# Exercise instructions:
Your answer must be a word-for-word copy of the listing below, minus its pictures.

# Information supplied:
* * * * * * * * *

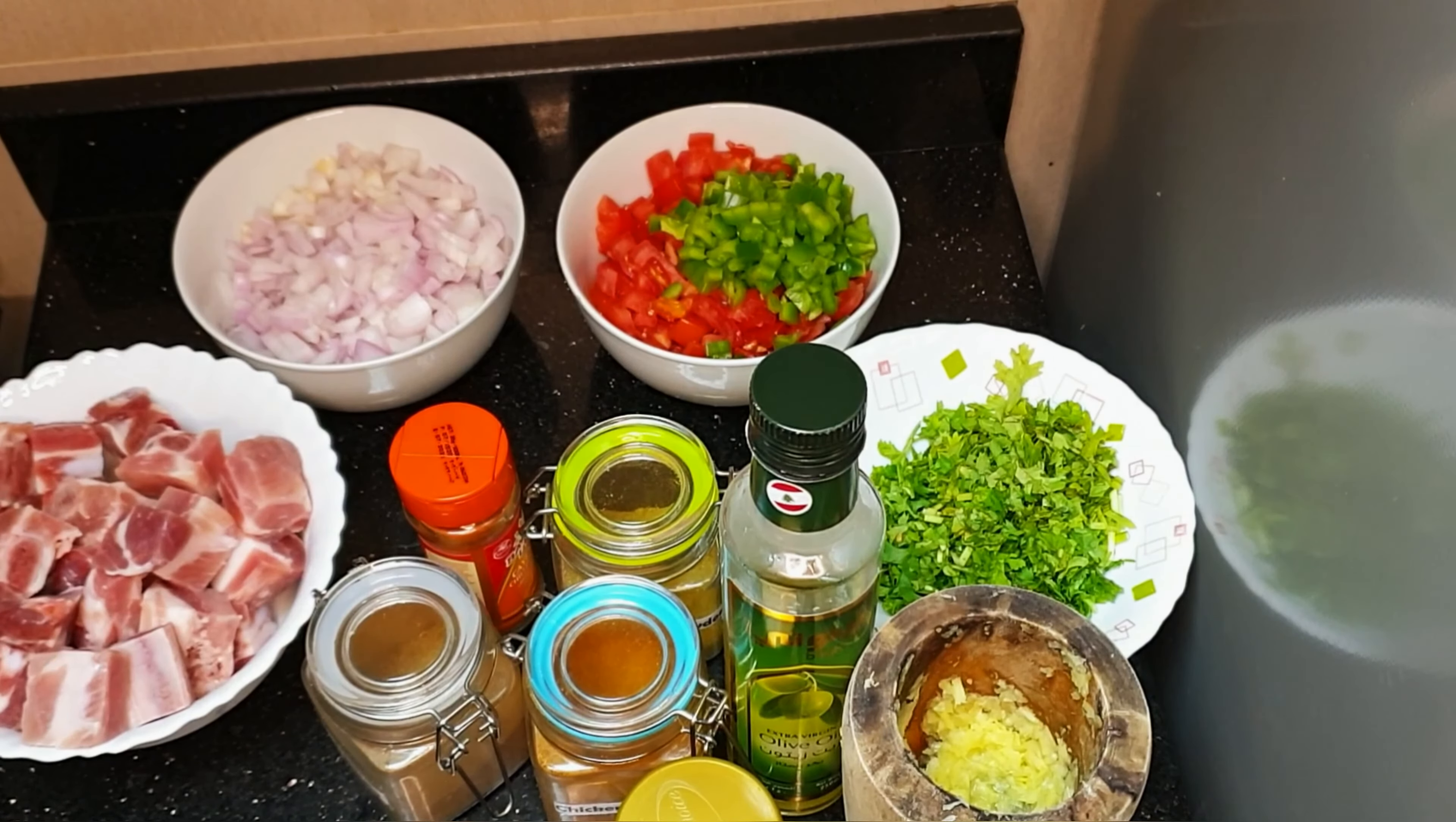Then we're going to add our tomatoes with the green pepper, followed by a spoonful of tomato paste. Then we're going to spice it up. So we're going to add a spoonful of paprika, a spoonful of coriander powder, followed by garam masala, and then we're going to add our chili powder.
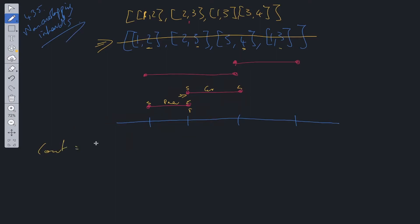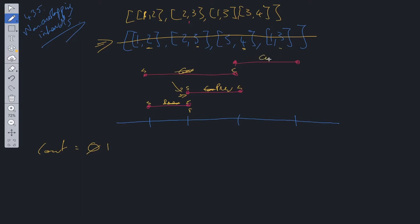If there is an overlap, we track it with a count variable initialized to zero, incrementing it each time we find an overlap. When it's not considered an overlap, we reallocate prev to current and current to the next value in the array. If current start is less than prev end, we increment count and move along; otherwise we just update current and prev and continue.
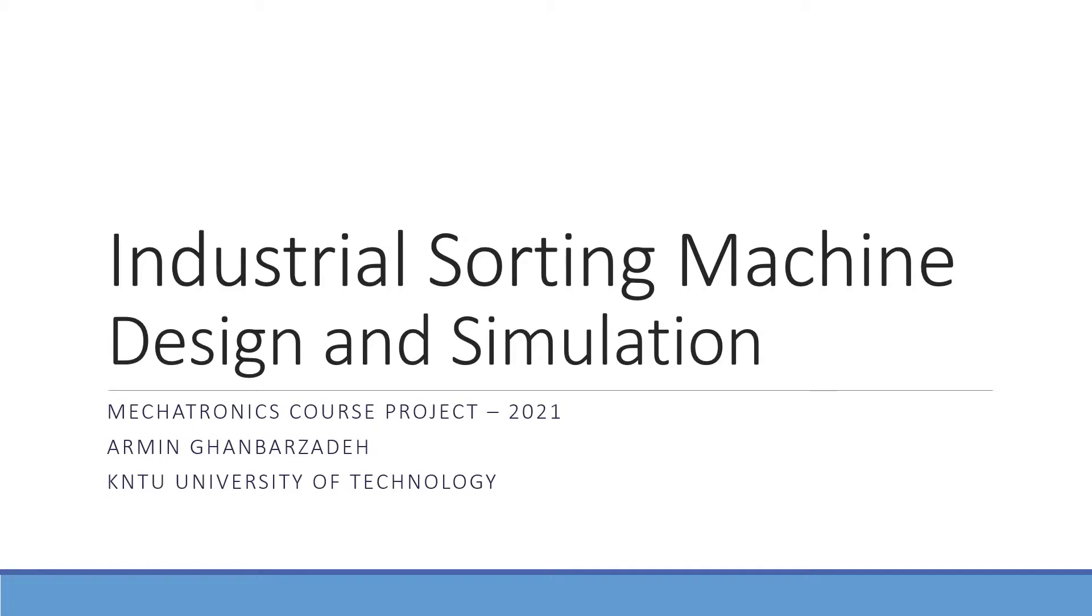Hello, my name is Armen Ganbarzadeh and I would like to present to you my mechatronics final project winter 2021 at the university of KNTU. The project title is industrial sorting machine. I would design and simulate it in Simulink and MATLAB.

* * * * * * * * *

# Your response:
Then we're going to add our tomatoes with the green pepper, followed by a spoonful of tomato paste. Then we're going to spice it up. So we're going to add a spoonful of paprika, a spoonful of coriander powder, followed by garam masala, and then we're going to add our chili powder.
If there is an overlap, we track it with a count variable initialized to zero, incrementing it each time we find an overlap. When it's not considered an overlap, we reallocate prev to current and current to the next value in the array. If current start is less than prev end, we increment count and move along; otherwise we just update current and prev and continue.
Hello, my name is Armen Ganbarzadeh and I would like to present to you my mechatronics final project winter 2021 at the university of KNTU. The project title is industrial sorting machine. I would design and simulate it in Simulink and MATLAB.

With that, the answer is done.